[Image-caption web data]
--------------------

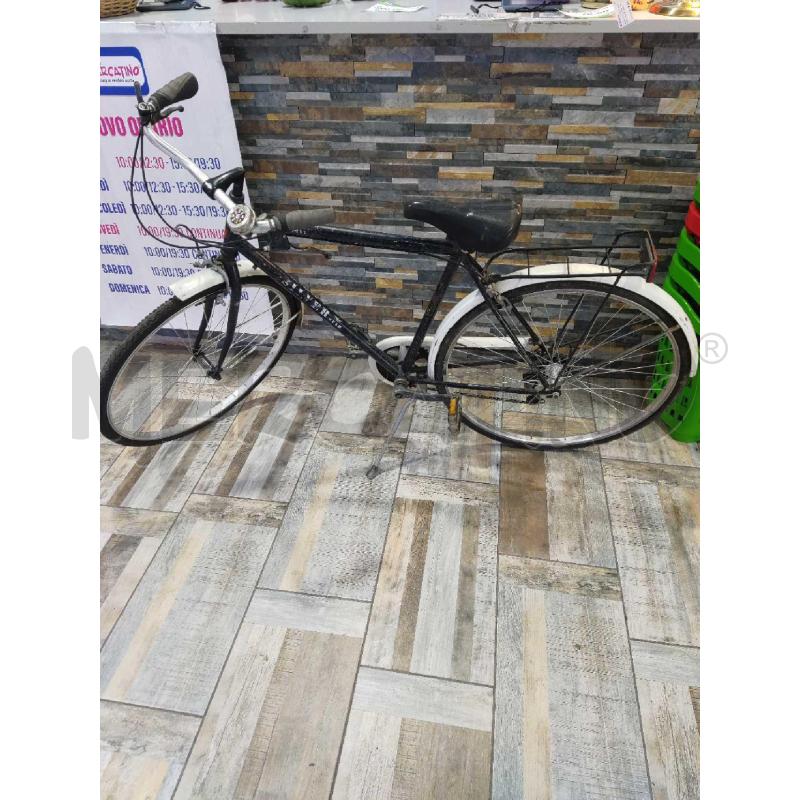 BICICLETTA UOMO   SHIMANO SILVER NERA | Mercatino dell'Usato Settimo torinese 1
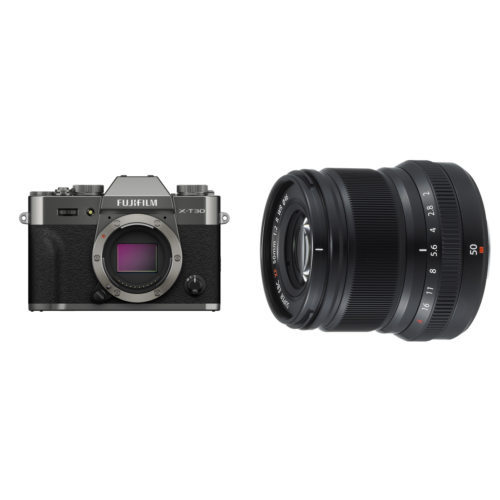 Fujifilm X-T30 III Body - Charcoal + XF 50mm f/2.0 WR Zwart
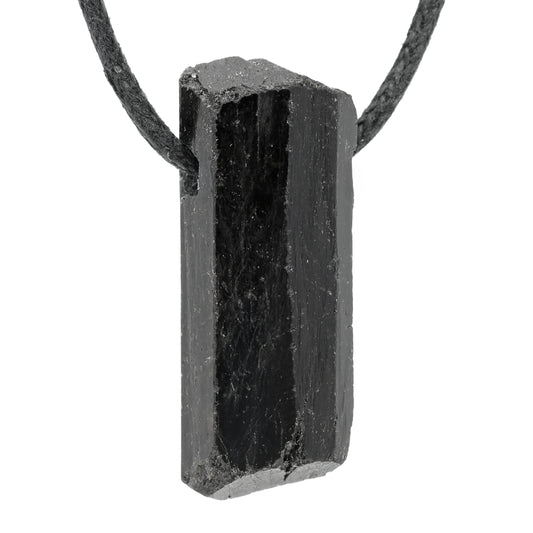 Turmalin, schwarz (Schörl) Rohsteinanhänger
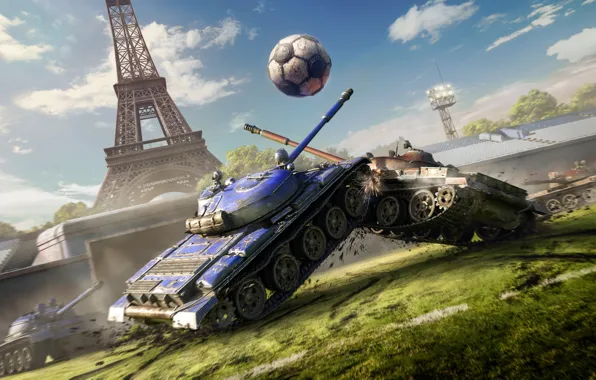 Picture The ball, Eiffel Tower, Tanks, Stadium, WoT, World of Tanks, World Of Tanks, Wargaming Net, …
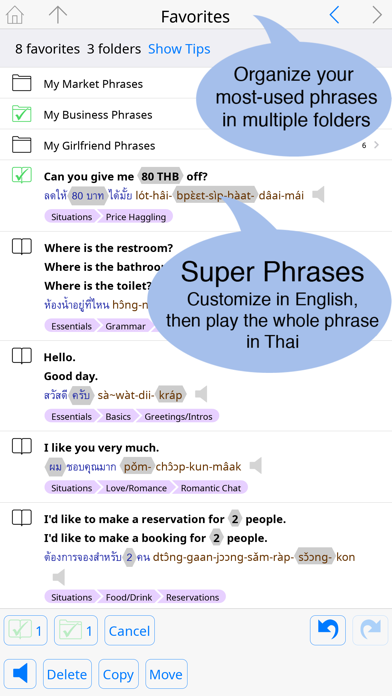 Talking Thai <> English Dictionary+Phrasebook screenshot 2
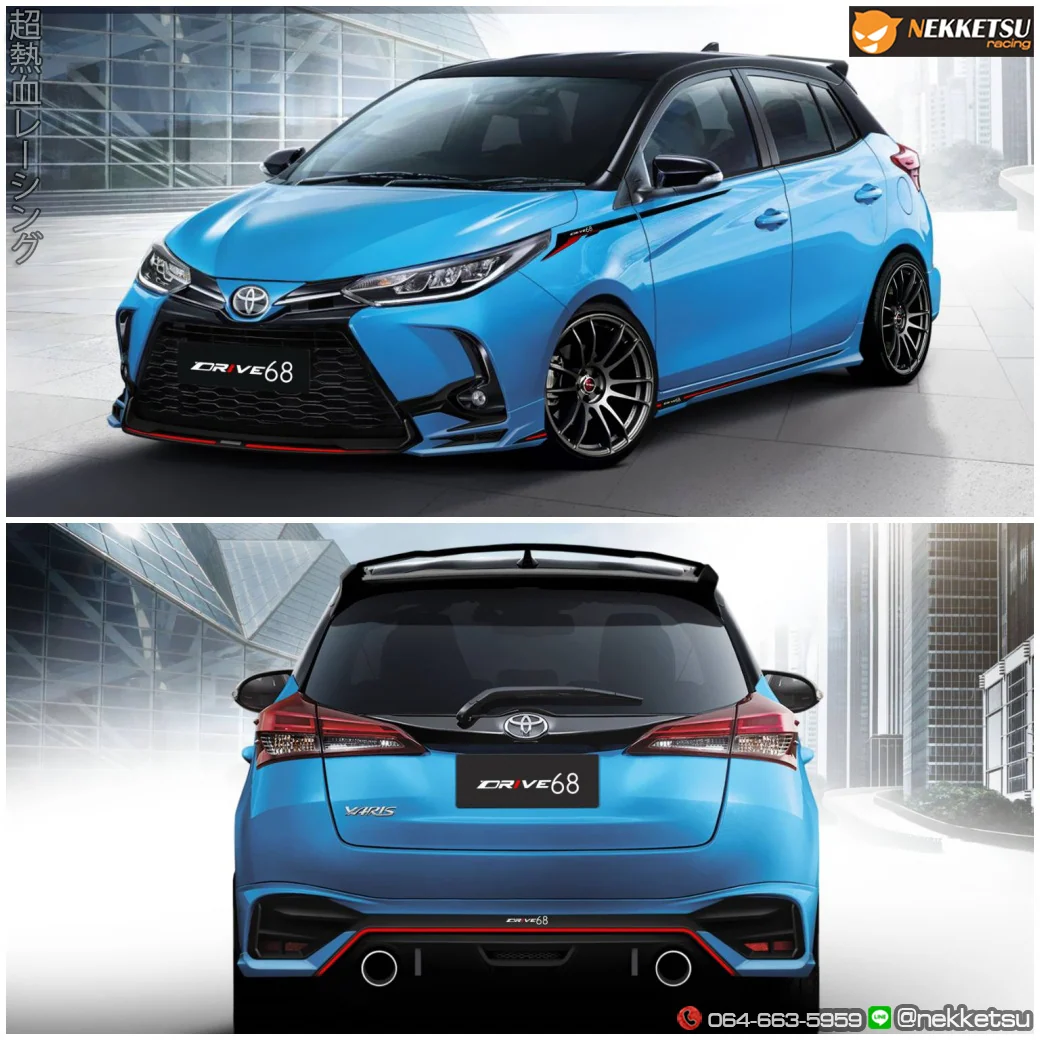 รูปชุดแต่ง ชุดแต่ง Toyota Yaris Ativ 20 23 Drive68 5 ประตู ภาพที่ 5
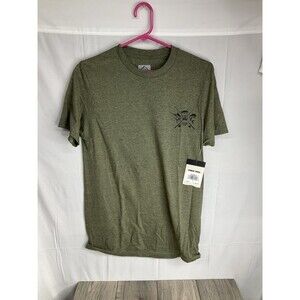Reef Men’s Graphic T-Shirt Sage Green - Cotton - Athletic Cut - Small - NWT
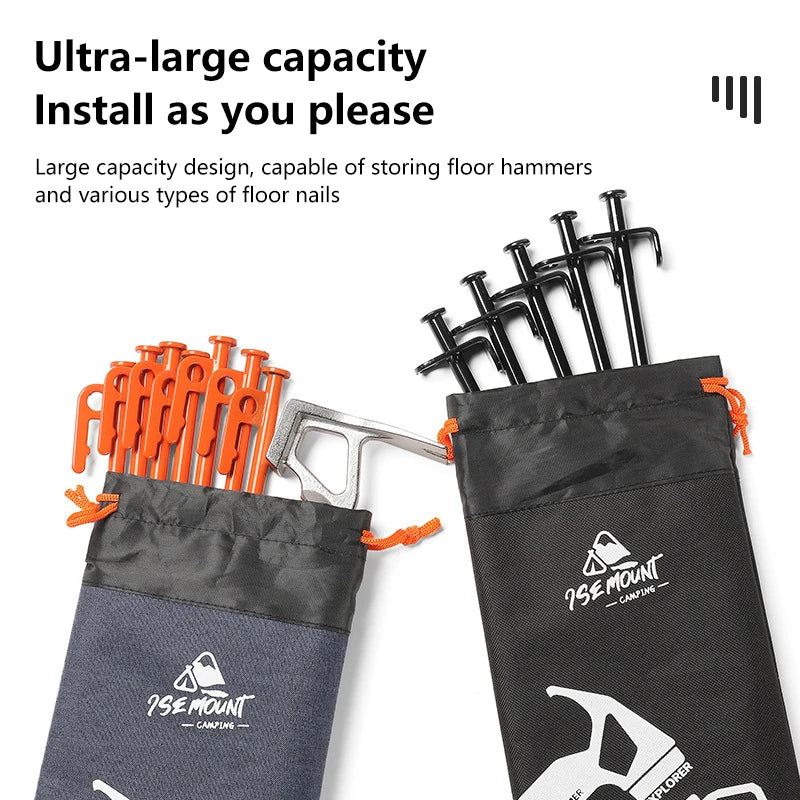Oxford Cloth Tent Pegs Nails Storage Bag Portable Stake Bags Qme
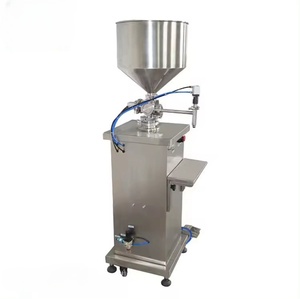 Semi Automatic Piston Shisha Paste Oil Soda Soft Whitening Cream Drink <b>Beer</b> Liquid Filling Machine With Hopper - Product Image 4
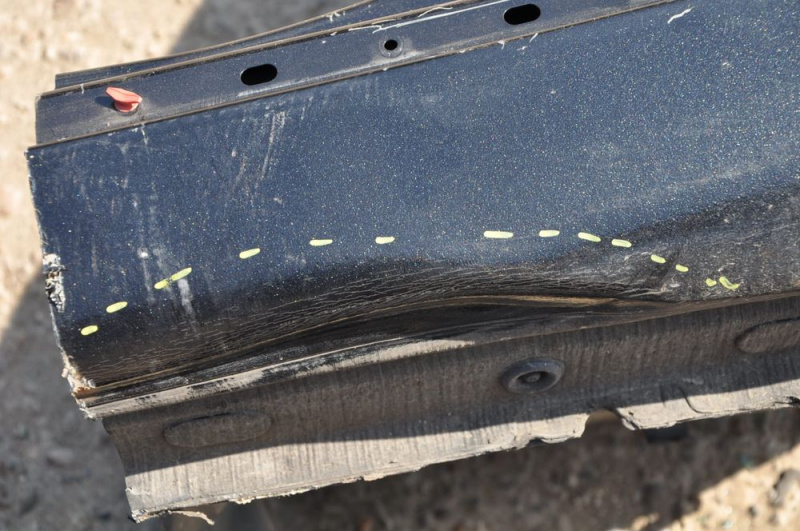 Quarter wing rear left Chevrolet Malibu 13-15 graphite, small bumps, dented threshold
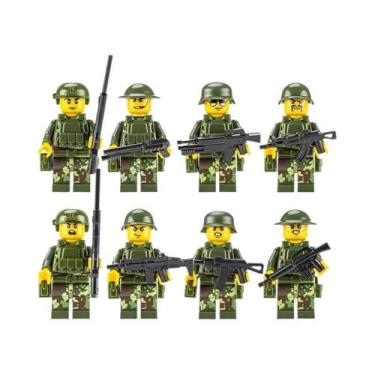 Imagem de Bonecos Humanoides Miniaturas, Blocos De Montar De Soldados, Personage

--------------------

Return all of the lines above without alteration, minus the pictures.

Exercise answer
 BICICLETTA UOMO   SHIMANO SILVER NERA | Mercatino dell'Usato Settimo torinese 1
 Fujifilm X-T30 III Body - Charcoal + XF 50mm f/2.0 WR Zwart
 Turmalin, schwarz (Schörl) Rohsteinanhänger
 Picture The ball, Eiffel Tower, Tanks, Stadium, WoT, World of Tanks, World Of Tanks, Wargaming Net, …
 Talking Thai <> English Dictionary+Phrasebook screenshot 2
 รูปชุดแต่ง ชุดแต่ง Toyota Yaris Ativ 20 23 Drive68 5 ประตู ภาพที่ 5
Reef Men’s Graphic T-Shirt Sage Green - Cotton - Athletic Cut - Small - NWT
Oxford Cloth Tent Pegs Nails Storage Bag Portable Stake Bags Qme
 Semi Automatic Piston Shisha Paste Oil Soda Soft Whitening Cream Drink <b>Beer</b> Liquid Filling Machine With Hopper - Product Image 4
 Quarter wing rear left Chevrolet Malibu 13-15 graphite, small bumps, dented threshold
 Imagem de Bonecos Humanoides Miniaturas, Blocos De Montar De Soldados, Personage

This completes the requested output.